[[ Records, beginning ]]

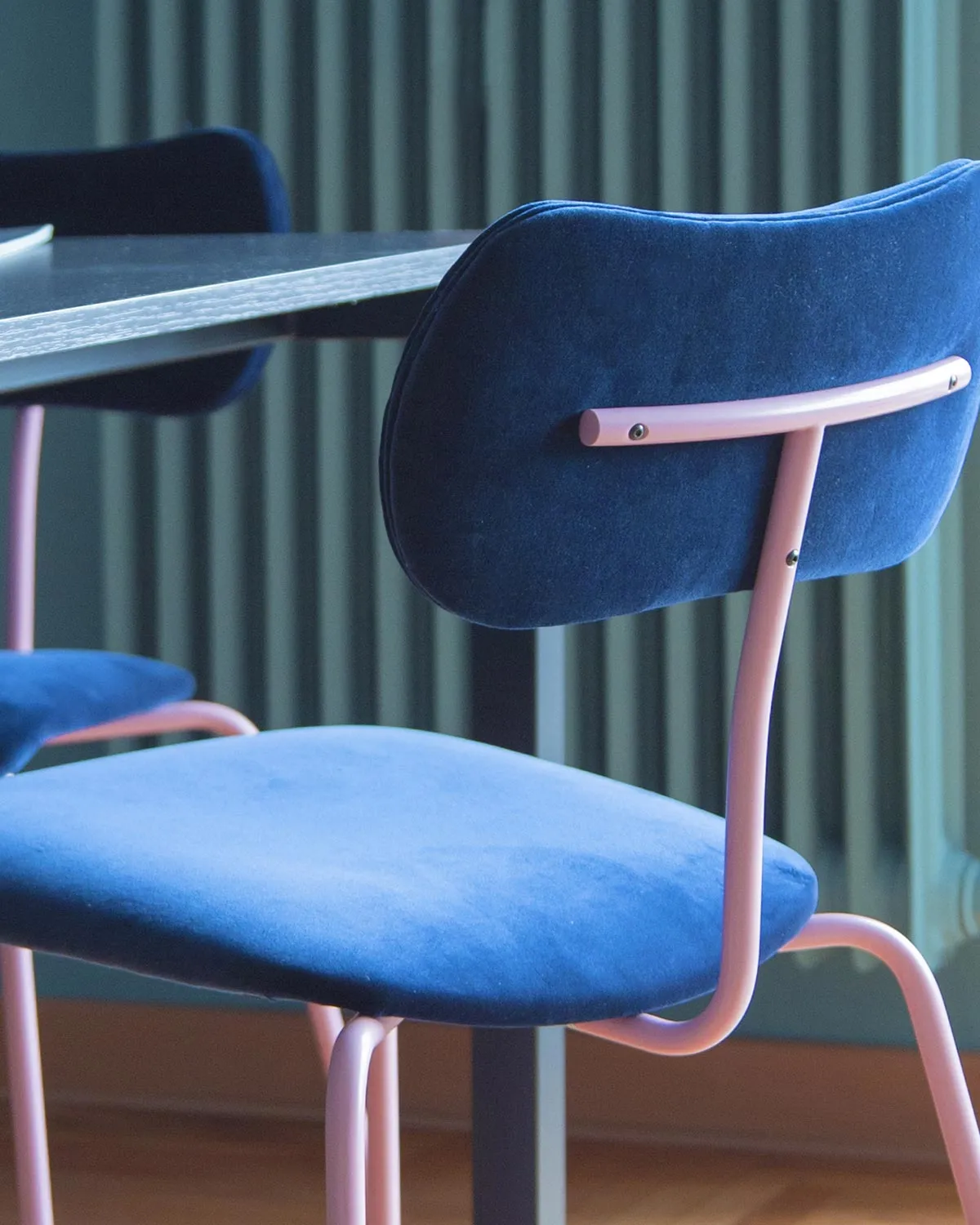 Nod fabric chair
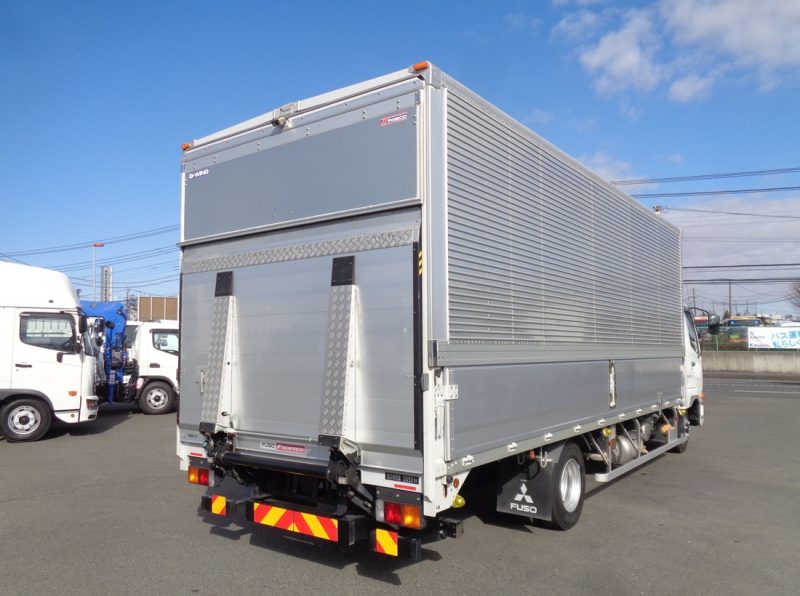 三菱 中型トラック ウィングワイドはね上げPG付 画像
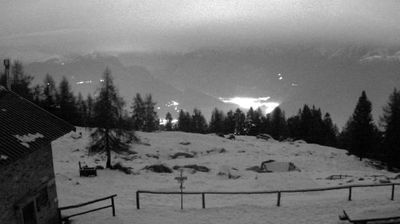 immagine della webcam nei dintorni di Domaso: webcam Monte Legnone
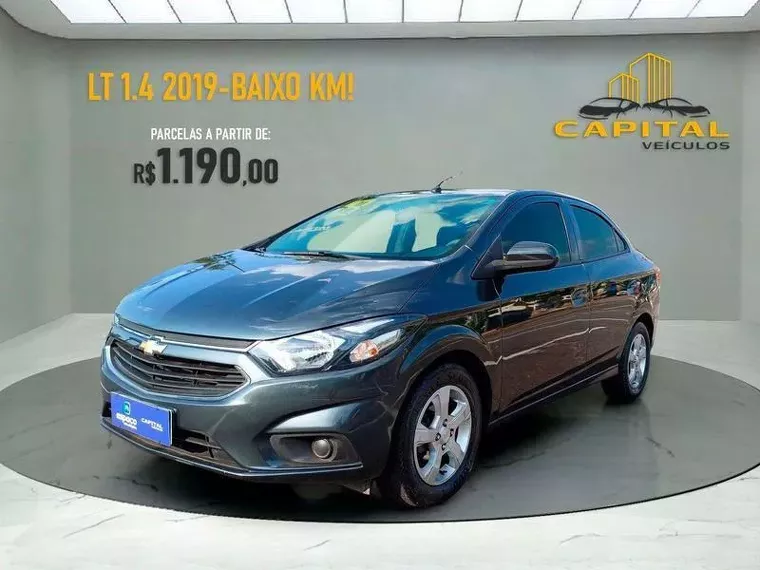 Chevrolet Prisma Cinza 1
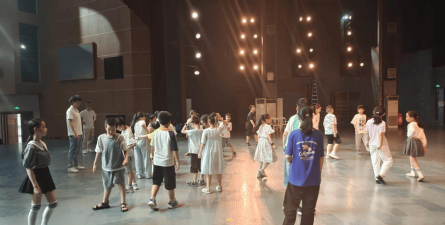 福州市长乐区炸舞团培训学校有限公司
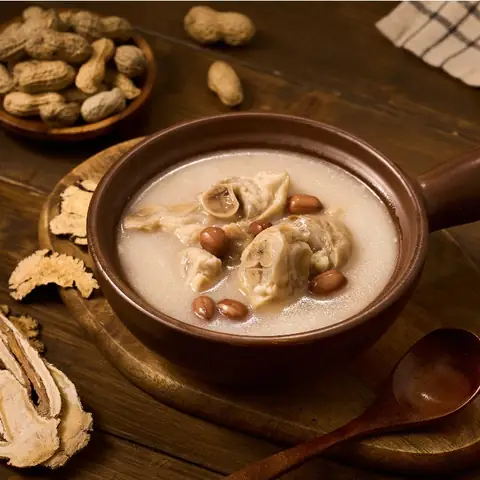 Công Thức Nấu Canh Chân Giò Heo Hầm Hạt Dẻ Và Đương Quy Chuẩn Vị Bổ Dưỡng
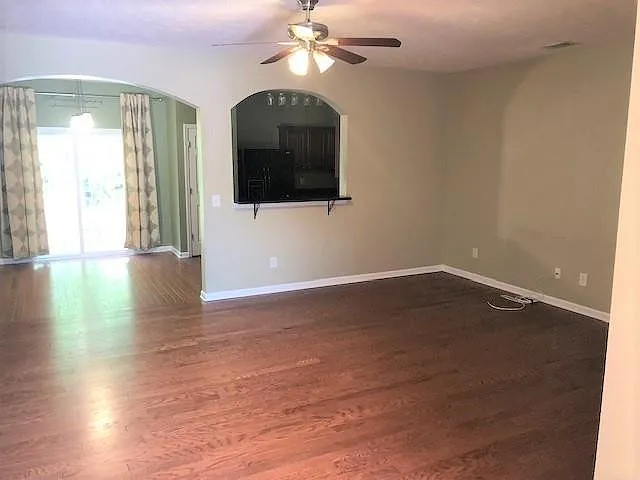 3 bed, 2.5 bath, 1595 sqft, $2,100 — Photo 3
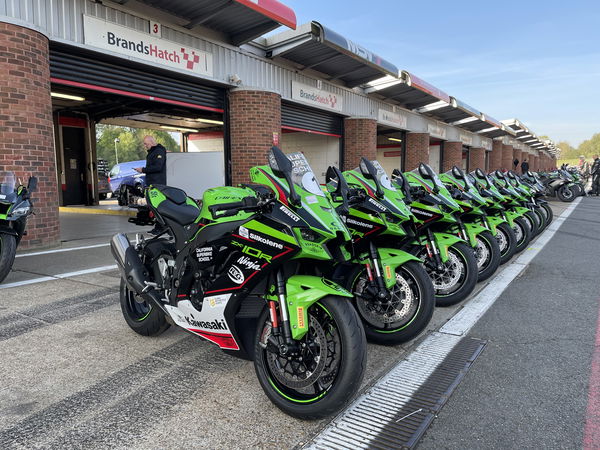 Kawasaki Ninja ZX-10R at California Superbike School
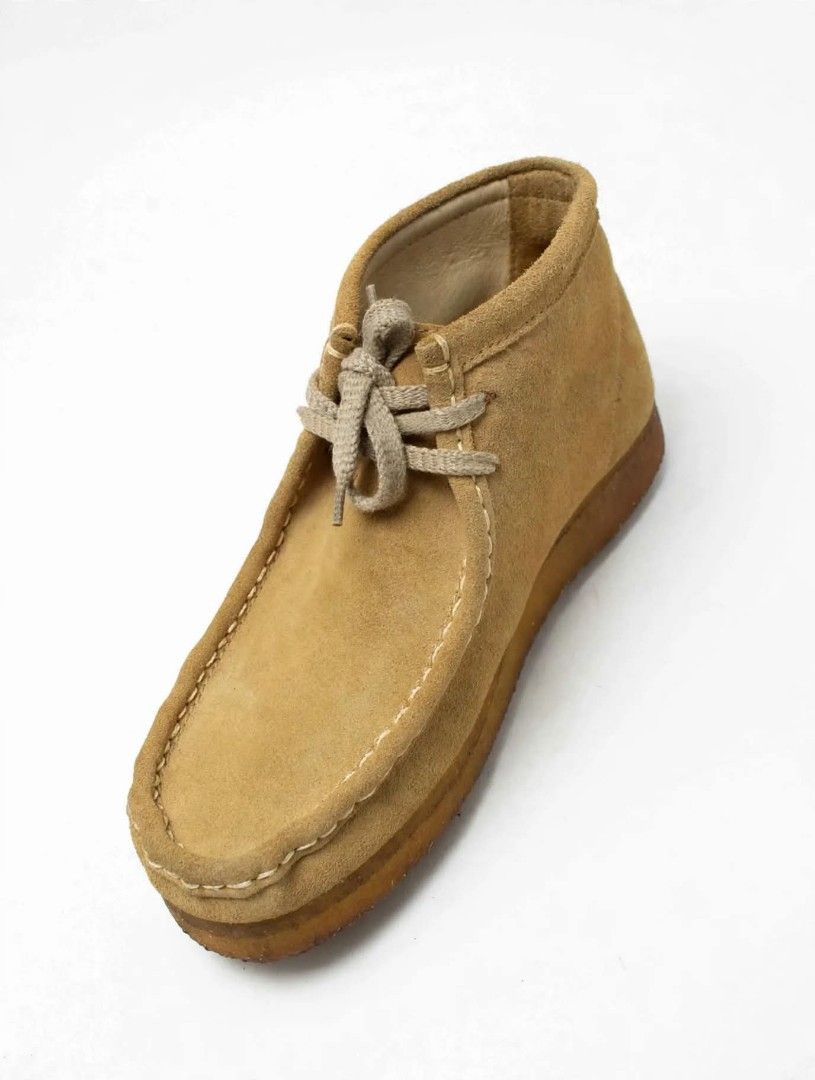 WALLABES SHOES (Category: Casual Shoes) located in Manila. Submitted by drip2thrift___ (Listing ID 1466094756, Image 2). Description: SIZE 42 9/10 COLOR AND CONDITION RATE QC PAYATAS B LOCATION.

[[ Records, end ]]

» **Instructions to follow**:
Please restate word for word each line from the one containing "Công Thức Nấu" to the end of the data above, without the pictures.

» **Worked solution**:
 Công Thức Nấu Canh Chân Giò Heo Hầm Hạt Dẻ Và Đương Quy Chuẩn Vị Bổ Dưỡng
 3 bed, 2.5 bath, 1595 sqft, $2,100 — Photo 3
 Kawasaki Ninja ZX-10R at California Superbike School
 WALLABES SHOES (Category: Casual Shoes) located in Manila. Submitted by drip2thrift___ (Listing ID 1466094756, Image 2). Description: SIZE 42 9/10 COLOR AND CONDITION RATE QC PAYATAS B LOCATION.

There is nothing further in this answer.